Welcome to worship for Sunday, May 19, 2024.

I have long held that Scott Peck was right when he wrote that ‘serendipity is grace.’ A happy coincidence is not to be taken as something random or mere chance. Rather they are gifts we have not earned and should be taken as such.

Serendipity is two recent conversations I had, completely independent of one another, but which touched on the same subject. Two people I admire and respect each asked me what I thought about evil. The context was also the same. In my preaching both said they hear that God is love, a broad and universal love, always love, but they wondered why I don’t talk about evil, at least not that much.

The problem of evil is an ancient one in the Judeo-Christian tradition.
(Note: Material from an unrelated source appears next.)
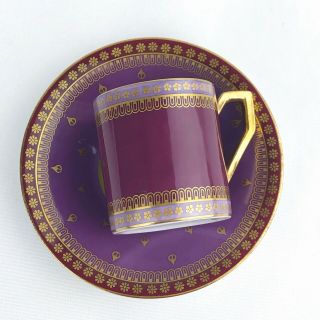 J & C Bavaria Jaeger & Co.  Purple Gold Gilt Demitasse Cup Saucer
How do we reconcile a loving God with the evil we see around us? The very first story in the Bible probes this question. And it comes back throughout the entirety of scripture.

So, the first place for someone who believes God-is-love to begin is acknowledging two truths. The first is that evil is real. It is powerful, persistent, relentless, seductive, and has always been. If I don’t talk about evil a lot, it is not because I don’t fear it nor underestimate it. And the second truth I believe is that evil never comes from God. Evil is not God’s punishment or anger or judgement. The sickness, violence, heartache that are part of life do not come from the God who loves us unconditionally. As Jesus taught about his healing ministry, “a house divided against itself cannot stand”. In other words, if Jesus embodies God’s love and healing he cannot also embody evil.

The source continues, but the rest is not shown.